Cascade is a profitable, privately-held business with revenues of US$22.1 million and Adjusted EBITDA1 of US$6.4 million for the twelve months ended December 31, 2011. The combination of BAUER and Cascade is expected to provide numerous opportunities to achieve potential acquisition-related synergies, including cross-selling opportunities for their complementary product offerings as well as cost synergies. Assuming the impact of anticipated synergies, BAUER currently expects the Acquisition to be immediately accretive to adjusted earnings per share. Cascade's EBITDA margins are approximately twice those of BAUER. See "Caution Concerning Forward-Looking Statements" below.
The US$64 million purchase price, excluding transaction expenses, will be funded through the issuance of approximately C$30 million new equity and approximately US$34 million in new borrowings. Today, BAUER entered into an agreement with a syndicate of underwriters, led by RBC Capital Markets as bookrunner, co-led by Paradigm Capital Inc., and including National Bank Financial and Scotiabank, under which the underwriters have agreed to buy 3,210,000 common shares of BAUER ("Common Shares") for sale to the public at a price of C$7.80 per Common Share for gross proceeds of C$25,038,000 (the "Public Offering"). In addition, BAUER entered into a subscription agreement with funds advised or managed by Kohlberg Management VI, LLC, BAUER's majority shareholders, pursuant to which they will buy, in a concurrent private placement, the equivalent of 642,000 Common Shares at the same price as those sold under the Public Offering, for gross and net proceeds of C$5,007,600 (the "Concurrent Private Placement").
Completion of the Public Offering is subject to certain conditions including normal regulatory and stock exchange approvals and the closing of the Acquisition and the Concurrent Private Placement.
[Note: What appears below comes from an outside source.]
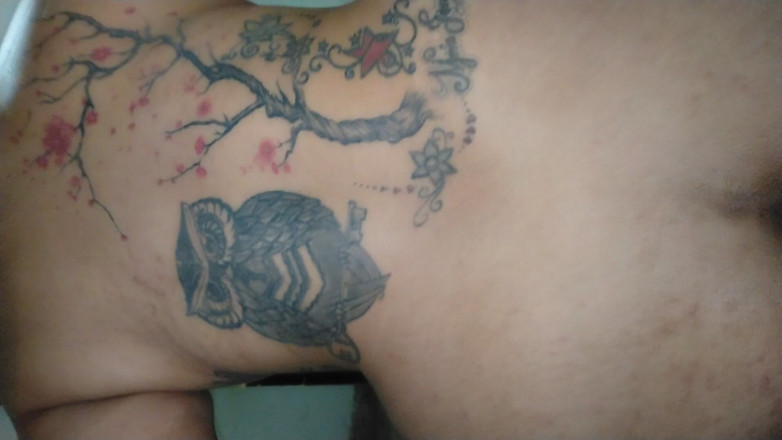 Monozion: Giant Ass Sitting Down Disappears It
The Common Shares will be offered in all provinces of Canada by way of a short form prospectus. The closing of the Public Offering and the Concurrent Private Placement are currently expected to occur on or about June 29, 2012.
In addition, BAUER has received a commitment from its existing lending syndicate to make available an upsized credit facility of approximately US$275 million, thereby providing additional borrowing capacity in support of the Acquisition. BAUER's credit facility matures in March 2016.
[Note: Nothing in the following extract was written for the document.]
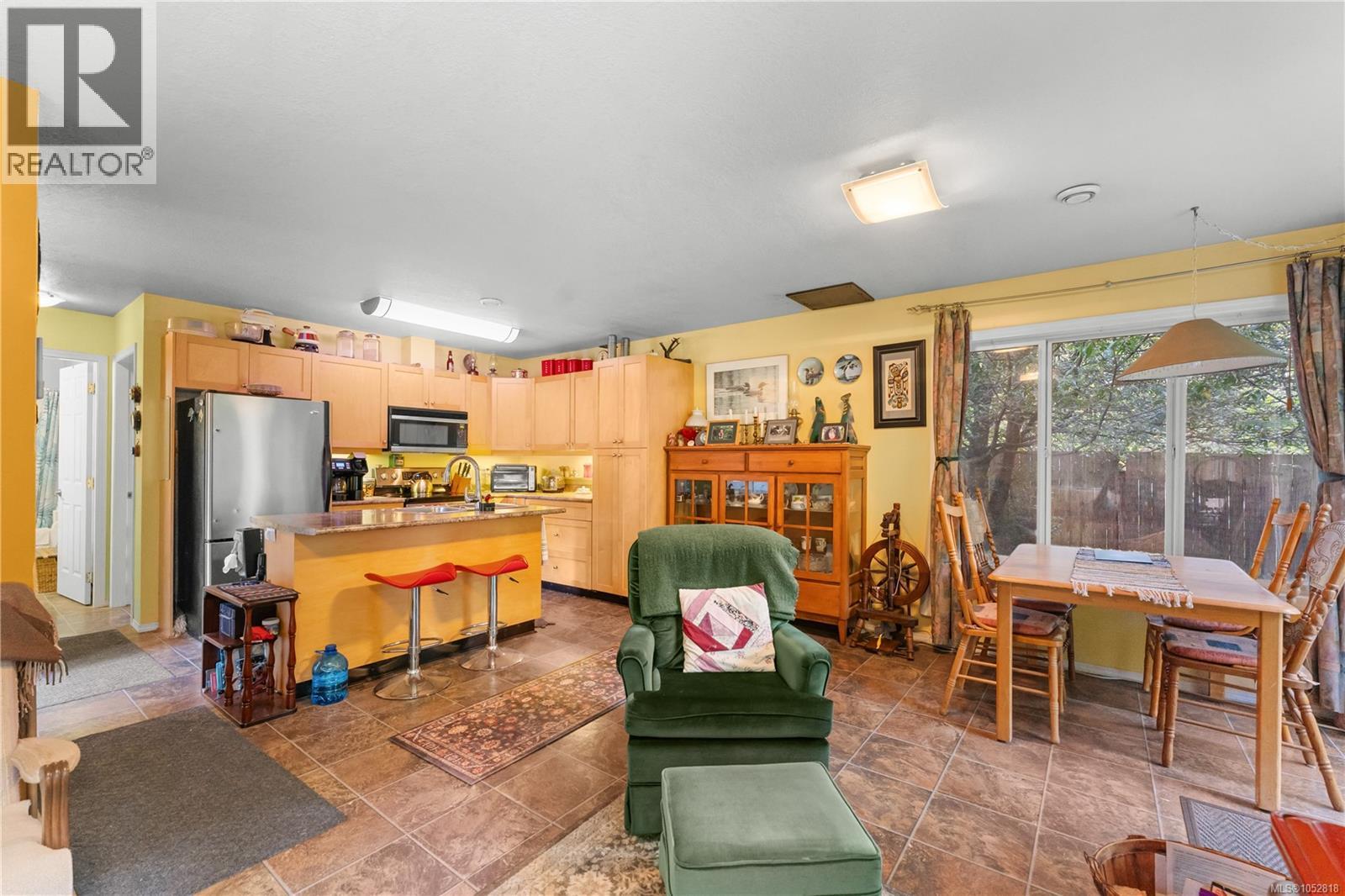 3275 South Rd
The securities offered pursuant to the Public Offering have not been and will not be registered under the U.S. Securities Act of 1933, as amended, and may not be offered or sold in the United States absent registration or an applicable exemption from the registrations requirements of such Act. This press release shall not constitute an offer to sell or the solicitation of an offer to buy the securities in any jurisdiction.
1Adjusted EBITDA and EBITDA are non-U.S. GAAP measures that are not recognized under U.S. GAAP and do not have a standardized meaning prescribed by U.S. GAAP. In respect of Cascade, Adjusted EBITDA is defined as EBITDA (net income adjusted for income tax expense, depreciation and amortization, gain or loss on disposal of fixed assets, net interest expense and deferred financing costs), before sponsor fees and share-based payment expenses. Cascade's recent financial results, including a reconciliation of net revenues to Adjusted EBITDA, will be provided in BAUER's future disclosures as required by applicable laws. These measures are being used to provide a comparable measure to how we evaluate our operating performance.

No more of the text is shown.